Les Aït Ouaouzguite ont une longue tradition de tissage: tapis, sacs pour transporter le grain, tapis de selle, vêtements, qu’ils troquaient dans les souks annuels, notamment contre les dattes des oasis pré-sahariennes. Le souk le plus important était organisé par les descendants du Saint Sidi Mhando Yacoub à Imin Tatelt.
Initialement chacune des tribus avait ses propres motifs. S’il est encore possible d’identifier la provenance de certains tapis, la mobilité des femmes liée au mariage, les échanges avec les marchés urbains, principalement Marrakech, et plus récemment la connexion aux réseaux sociaux ont fortement inspiré et métissé les productions des artisanes.



L'activité de tissage est encore très développée dans le Siroua et constitue un apport significatif dans le budget de très nombreuses familles : production de tapis principalement mais également de drap de laine pour l'autoconsommation de la famille élargie (djellabas et burnous).

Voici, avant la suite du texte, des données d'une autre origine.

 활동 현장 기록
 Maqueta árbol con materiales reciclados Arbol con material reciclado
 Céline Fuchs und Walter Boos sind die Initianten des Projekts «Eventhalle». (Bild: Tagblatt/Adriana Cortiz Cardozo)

Or les artisanes tisserandes du massif n'utilisent que de manière marginale les toisons des moutons Siroua et préfèrent les fils de laine manufacturés de qualité médiocre et le coton pour la chaîne. Le temps nécessaire à la transformation manuelle de la toison en fil n’étant valorisable que pour des productions à haute valeur ajoutée.
Malgré le développement des coopératives, les artisanes peinent à commercialiser les tapis. La qualité (laine et teintures) est très inégale. Le marché reste largement encadré par des intermédiaires masculins.
Grâce à nos actions mises en place depuis 2019, la laine Siroua est depuis peu utilisée dans le cadre de petites commandes spécifiques de designers pour des productions à haute valeur ajoutée qui tirent les rémunérations vers le haut.